Profit reports for the first quarter are becoming available and investors are hopeful for improvements due to heavy cost-cutting efforts. In fact, compared to last year’s results, it won’t take much for companies to post better numbers. In addition to streamlined operations, companies got support from heavy government stimulus spending and record-low interest rates. Investors will be looking for companies to sustain improvements without government assistance going forward.
Stu Schweitzer, global markets strategist at J.P. Morgan’s Private Bank in New York mentioned that the forecasts that companies provide often are far more important than the earnings they report because investors are paying for stocks to get a slice of a company’s future profits.
Recently, the Standard & Poor’s 500 Index rose to an 18-month high on expectations that companies are getting stronger. According to analysts polled by Thomson Reuters, estimated first-quarter earnings growth rate for companies that make up the S&P 500 index is 37 percent.

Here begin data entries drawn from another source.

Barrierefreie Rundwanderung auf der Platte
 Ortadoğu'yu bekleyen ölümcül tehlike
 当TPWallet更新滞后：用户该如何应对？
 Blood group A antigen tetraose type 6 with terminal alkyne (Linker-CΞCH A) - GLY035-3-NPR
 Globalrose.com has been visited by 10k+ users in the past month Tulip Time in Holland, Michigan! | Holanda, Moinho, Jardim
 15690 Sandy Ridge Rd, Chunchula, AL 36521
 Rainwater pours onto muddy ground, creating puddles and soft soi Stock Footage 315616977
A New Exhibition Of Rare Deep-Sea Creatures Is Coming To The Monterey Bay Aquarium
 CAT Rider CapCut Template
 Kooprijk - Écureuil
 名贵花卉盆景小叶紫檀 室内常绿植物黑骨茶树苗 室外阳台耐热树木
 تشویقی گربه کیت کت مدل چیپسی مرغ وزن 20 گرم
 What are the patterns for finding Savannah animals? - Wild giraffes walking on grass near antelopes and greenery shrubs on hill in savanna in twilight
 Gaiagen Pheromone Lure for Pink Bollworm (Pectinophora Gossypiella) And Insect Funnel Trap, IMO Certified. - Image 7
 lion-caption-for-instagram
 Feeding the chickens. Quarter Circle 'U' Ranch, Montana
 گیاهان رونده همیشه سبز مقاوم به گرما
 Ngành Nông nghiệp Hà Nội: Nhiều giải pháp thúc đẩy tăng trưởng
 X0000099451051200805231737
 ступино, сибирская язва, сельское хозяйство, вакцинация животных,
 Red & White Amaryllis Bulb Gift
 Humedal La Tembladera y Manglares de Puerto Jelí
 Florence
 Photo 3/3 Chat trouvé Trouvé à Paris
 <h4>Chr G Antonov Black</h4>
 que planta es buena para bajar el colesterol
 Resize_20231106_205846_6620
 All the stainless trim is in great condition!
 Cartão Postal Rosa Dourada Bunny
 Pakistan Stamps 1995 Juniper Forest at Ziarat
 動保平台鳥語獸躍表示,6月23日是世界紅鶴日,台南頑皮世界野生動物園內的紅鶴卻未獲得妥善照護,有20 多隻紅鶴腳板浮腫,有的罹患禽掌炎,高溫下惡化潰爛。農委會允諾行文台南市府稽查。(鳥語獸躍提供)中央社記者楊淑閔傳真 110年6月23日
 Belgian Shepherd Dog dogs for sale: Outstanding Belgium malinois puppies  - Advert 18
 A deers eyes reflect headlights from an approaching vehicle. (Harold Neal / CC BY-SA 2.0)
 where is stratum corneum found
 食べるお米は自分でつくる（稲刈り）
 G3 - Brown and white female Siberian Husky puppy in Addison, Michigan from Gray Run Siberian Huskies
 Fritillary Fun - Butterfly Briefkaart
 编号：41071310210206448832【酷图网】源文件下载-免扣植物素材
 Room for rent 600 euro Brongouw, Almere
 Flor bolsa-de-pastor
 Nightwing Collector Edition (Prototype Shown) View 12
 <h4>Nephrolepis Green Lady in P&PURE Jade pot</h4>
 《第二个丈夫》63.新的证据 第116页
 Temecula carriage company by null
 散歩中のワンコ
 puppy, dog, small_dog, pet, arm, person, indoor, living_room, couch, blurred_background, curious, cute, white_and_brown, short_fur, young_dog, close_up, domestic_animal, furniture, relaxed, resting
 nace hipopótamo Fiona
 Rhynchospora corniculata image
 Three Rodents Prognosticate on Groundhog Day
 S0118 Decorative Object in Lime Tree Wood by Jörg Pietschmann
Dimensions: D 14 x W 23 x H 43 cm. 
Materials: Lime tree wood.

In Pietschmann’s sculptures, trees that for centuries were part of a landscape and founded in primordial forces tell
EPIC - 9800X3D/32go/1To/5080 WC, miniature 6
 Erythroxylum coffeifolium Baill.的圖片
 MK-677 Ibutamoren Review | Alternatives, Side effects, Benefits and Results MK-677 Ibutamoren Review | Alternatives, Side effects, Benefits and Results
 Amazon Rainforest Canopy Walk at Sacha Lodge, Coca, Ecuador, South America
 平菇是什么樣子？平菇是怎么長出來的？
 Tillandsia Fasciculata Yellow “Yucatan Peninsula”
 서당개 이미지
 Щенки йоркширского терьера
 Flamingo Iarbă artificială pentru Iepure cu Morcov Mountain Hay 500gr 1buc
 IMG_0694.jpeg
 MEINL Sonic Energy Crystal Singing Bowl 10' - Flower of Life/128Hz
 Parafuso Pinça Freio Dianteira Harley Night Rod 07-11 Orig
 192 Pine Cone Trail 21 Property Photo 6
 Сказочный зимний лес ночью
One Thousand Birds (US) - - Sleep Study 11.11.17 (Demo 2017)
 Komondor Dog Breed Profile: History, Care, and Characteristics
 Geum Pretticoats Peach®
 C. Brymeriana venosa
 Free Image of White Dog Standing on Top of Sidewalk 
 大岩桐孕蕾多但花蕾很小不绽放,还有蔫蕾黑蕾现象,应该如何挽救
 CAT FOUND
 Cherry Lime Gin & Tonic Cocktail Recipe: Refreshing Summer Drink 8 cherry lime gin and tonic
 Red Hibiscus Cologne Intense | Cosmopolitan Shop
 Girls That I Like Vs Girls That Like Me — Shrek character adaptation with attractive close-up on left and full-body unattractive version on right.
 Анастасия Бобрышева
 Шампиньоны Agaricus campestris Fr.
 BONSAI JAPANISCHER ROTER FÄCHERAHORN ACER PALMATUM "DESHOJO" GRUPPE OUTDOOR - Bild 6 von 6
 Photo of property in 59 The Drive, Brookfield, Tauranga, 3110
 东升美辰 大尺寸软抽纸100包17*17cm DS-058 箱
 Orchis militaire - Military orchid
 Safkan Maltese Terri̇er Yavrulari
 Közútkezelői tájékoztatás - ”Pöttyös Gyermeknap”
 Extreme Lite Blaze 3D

Investors are optimistic that the coming quarters will show stronger revenue and higher profits due to the fact that the government reported the economy added jobs in March at the fastest pace in three years.
According to Tim Speiss, chairman of the personal wealth advisers practice at Eisner LLP in New York, the pace of recovery in earnings all comes down to jobs, because without gains in employment consumers won’t spend, and that means companies will find it hard to keep improving their bottom line.